WHAT THE TASK REQUIRES>
Skip every picture, and copy exactly the lines from the one containing "Some of these" to the end of the data.

INFORMATION SHOWN>

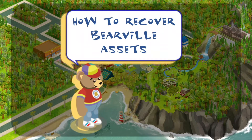Hey every Bear! Today I'll be walking you through how to recover original Bearville assets from an old computer on which you used to play the game.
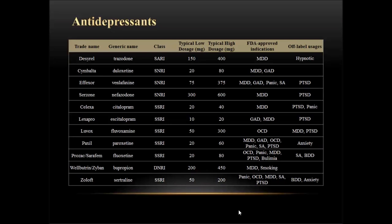Some of these you'll see fairly often. Popular medications in this class include Trazodone, which is a SARI — a serotonin-2 antagonist serotonin reuptake inhibitor — primarily used for major depressive disorder and off-label as a hypnotic. Another common medication is Cymbalta, an SNRI — a serotonin norepinephrine reuptake inhibitor — indicated for major depressive disorder and generalized anxiety disorder. You'll also see Effexor quite a bit; it has many FDA approved indications and is also used off-label for post-traumatic stress disorder and panic disorder. Panic stands for panic disorder, and SA stands for social anxiety disorder.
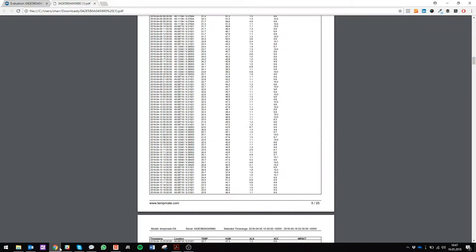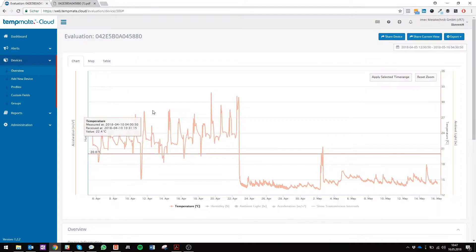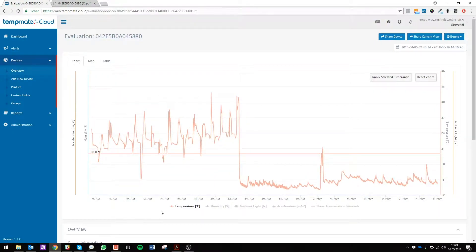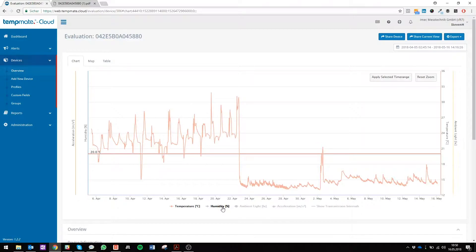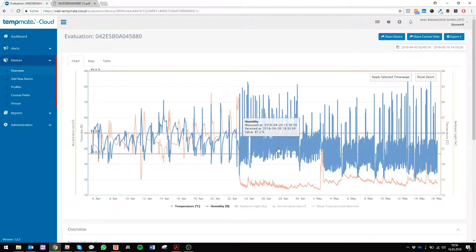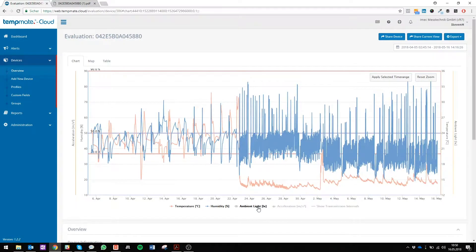Now we go back to our chart view. Here in the chart view you can see all the necessary data that has been recorded over the period of time. You can choose between temperature that is actually activated right now, then you can activate humidity that has been shown in blue.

EXERCISE SOLUTION>
Some of these you'll see fairly often. Popular medications in this class include Trazodone, which is a SARI — a serotonin-2 antagonist serotonin reuptake inhibitor — primarily used for major depressive disorder and off-label as a hypnotic. Another common medication is Cymbalta, an SNRI — a serotonin norepinephrine reuptake inhibitor — indicated for major depressive disorder and generalized anxiety disorder. You'll also see Effexor quite a bit; it has many FDA approved indications and is also used off-label for post-traumatic stress disorder and panic disorder. Panic stands for panic disorder, and SA stands for social anxiety disorder.
Now we go back to our chart view. Here in the chart view you can see all the necessary data that has been recorded over the period of time. You can choose between temperature that is actually activated right now, then you can activate humidity that has been shown in blue.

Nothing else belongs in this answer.